Web page caption snippets:

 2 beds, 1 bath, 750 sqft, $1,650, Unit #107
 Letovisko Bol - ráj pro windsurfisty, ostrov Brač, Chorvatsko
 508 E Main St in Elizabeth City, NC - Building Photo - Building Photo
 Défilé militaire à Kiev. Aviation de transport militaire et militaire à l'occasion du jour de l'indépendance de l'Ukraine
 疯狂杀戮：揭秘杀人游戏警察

---

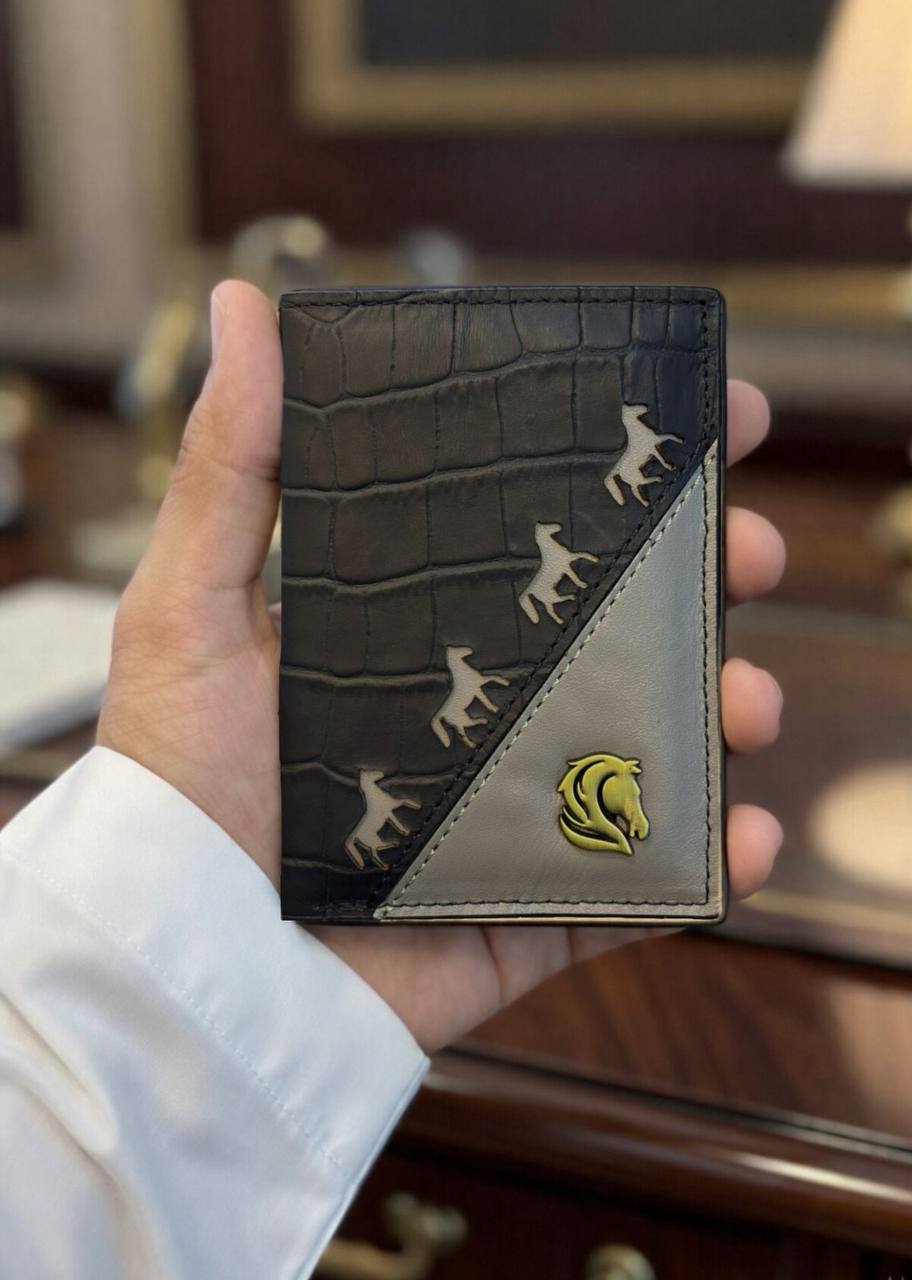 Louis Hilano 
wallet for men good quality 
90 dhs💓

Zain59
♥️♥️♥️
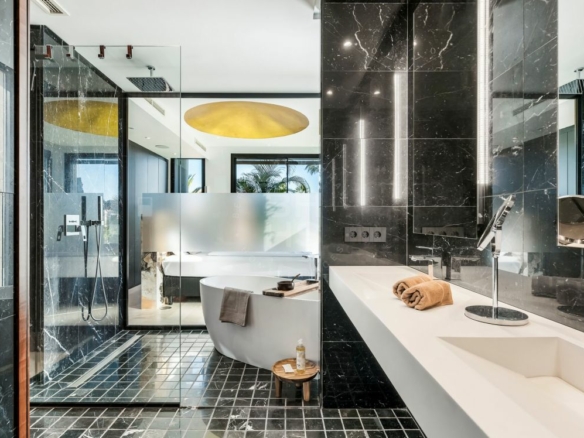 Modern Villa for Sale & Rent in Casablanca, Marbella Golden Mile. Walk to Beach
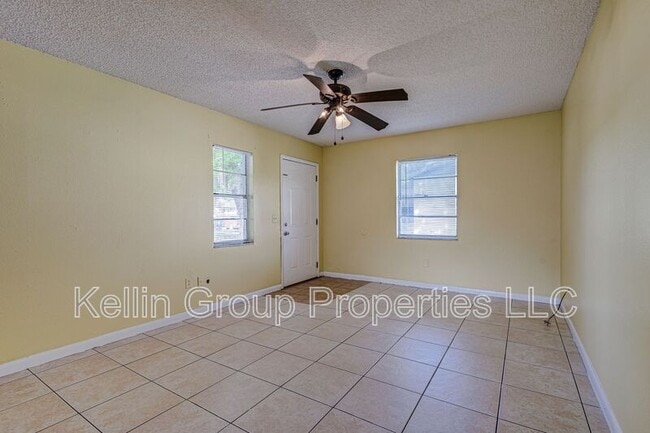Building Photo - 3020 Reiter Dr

◆ Work task
In the data above, start at the line that has "2 beds, 1 bath, 750 sqft, $1,650, Unit #107", stop after the line that has "疯狂杀戮：揭秘杀人游戏警察", and print every line in between exactly as it stands.

◆ Solved exercise
 2 beds, 1 bath, 750 sqft, $1,650, Unit #107
 Letovisko Bol - ráj pro windsurfisty, ostrov Brač, Chorvatsko
 508 E Main St in Elizabeth City, NC - Building Photo - Building Photo
 Défilé militaire à Kiev. Aviation de transport militaire et militaire à l'occasion du jour de l'indépendance de l'Ukraine
 疯狂杀戮：揭秘杀人游戏警察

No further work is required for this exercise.